WORK INSTRUCTION: Only the lines below, from the one with "For Ford Focus" through the one with "Veste en cuir", are to be written out, exactly.

ENTRIES SHOWN:
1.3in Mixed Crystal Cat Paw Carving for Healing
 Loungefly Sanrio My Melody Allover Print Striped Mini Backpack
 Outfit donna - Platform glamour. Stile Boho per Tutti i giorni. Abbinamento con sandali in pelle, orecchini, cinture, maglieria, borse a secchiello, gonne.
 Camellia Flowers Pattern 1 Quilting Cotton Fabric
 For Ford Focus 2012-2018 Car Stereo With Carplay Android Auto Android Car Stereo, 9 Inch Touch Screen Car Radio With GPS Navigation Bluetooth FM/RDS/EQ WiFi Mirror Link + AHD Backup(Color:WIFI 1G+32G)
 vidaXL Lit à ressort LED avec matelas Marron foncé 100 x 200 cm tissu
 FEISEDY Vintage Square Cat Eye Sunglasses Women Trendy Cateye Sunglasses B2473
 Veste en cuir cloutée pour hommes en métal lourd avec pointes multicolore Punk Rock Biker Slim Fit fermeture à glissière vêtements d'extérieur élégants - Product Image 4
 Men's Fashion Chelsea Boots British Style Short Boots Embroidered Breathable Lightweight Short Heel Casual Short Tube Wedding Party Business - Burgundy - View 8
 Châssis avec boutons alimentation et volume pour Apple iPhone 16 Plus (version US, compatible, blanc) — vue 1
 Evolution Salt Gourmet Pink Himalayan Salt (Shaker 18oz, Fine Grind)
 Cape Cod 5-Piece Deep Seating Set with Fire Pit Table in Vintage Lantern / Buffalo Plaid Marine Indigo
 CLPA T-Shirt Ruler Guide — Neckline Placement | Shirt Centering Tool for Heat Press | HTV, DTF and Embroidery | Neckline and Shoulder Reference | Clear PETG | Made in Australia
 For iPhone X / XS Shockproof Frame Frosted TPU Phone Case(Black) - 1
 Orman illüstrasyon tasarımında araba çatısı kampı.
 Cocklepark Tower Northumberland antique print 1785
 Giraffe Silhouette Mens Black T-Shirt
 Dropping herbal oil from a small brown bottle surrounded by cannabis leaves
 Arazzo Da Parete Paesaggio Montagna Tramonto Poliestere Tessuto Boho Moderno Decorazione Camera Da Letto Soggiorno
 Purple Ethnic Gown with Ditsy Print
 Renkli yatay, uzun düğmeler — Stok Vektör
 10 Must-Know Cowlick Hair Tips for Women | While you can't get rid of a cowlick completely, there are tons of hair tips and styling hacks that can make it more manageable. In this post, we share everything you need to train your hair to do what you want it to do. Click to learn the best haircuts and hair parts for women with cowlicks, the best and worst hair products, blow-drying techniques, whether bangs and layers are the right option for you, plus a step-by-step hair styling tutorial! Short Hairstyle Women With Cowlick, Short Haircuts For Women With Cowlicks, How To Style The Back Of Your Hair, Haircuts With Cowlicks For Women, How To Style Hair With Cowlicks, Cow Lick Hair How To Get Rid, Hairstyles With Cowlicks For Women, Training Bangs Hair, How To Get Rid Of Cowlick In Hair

EXERCISE RESULT:
 For Ford Focus 2012-2018 Car Stereo With Carplay Android Auto Android Car Stereo, 9 Inch Touch Screen Car Radio With GPS Navigation Bluetooth FM/RDS/EQ WiFi Mirror Link + AHD Backup(Color:WIFI 1G+32G)
 vidaXL Lit à ressort LED avec matelas Marron foncé 100 x 200 cm tissu
 FEISEDY Vintage Square Cat Eye Sunglasses Women Trendy Cateye Sunglasses B2473
 Veste en cuir cloutée pour hommes en métal lourd avec pointes multicolore Punk Rock Biker Slim Fit fermeture à glissière vêtements d'extérieur élégants - Product Image 4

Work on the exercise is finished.